▸ **GOAL OF THE EXERCISE**
Could the records be returned exactly, with the pictures left out?

▸ **DATASET EXTRACT**
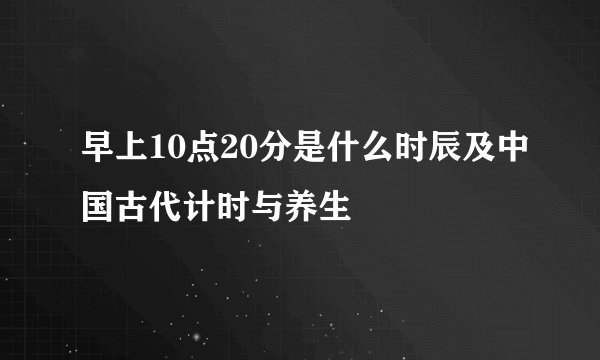 早上10点20分是什么时辰及中国古代计时与养生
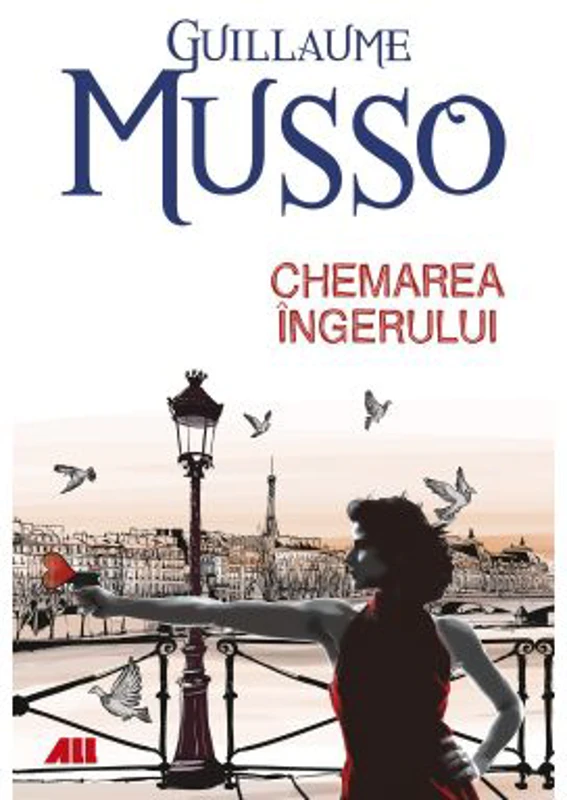 Chemarea ingerului - Guillaume Musso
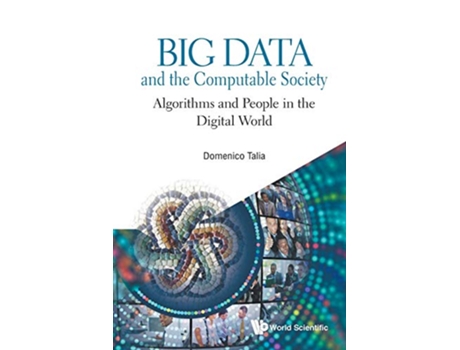 Livro Big Data And The Computable Society Algorithms And People In The Digital World de Domenico Talia (Inglês)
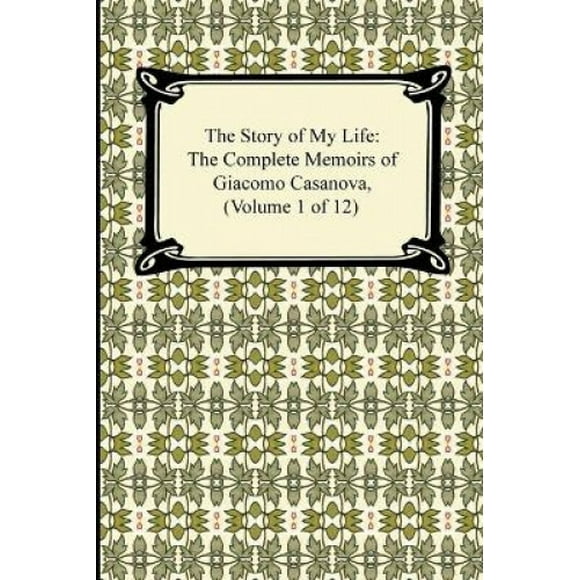 The Story of My Life (the Complete Memoirs of Giacomo Casanova, Volume 1 of 12)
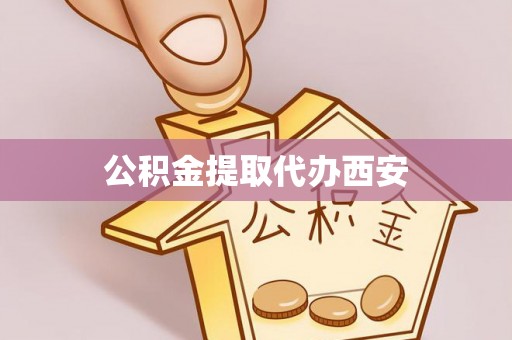 常平公积金提取代办西安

▸ **OUTPUT FOR THIS TASK**
 早上10点20分是什么时辰及中国古代计时与养生
 Chemarea ingerului - Guillaume Musso
 Livro Big Data And The Computable Society Algorithms And People In The Digital World de Domenico Talia (Inglês)
 The Story of My Life (the Complete Memoirs of Giacomo Casanova, Volume 1 of 12)
 常平公积金提取代办西安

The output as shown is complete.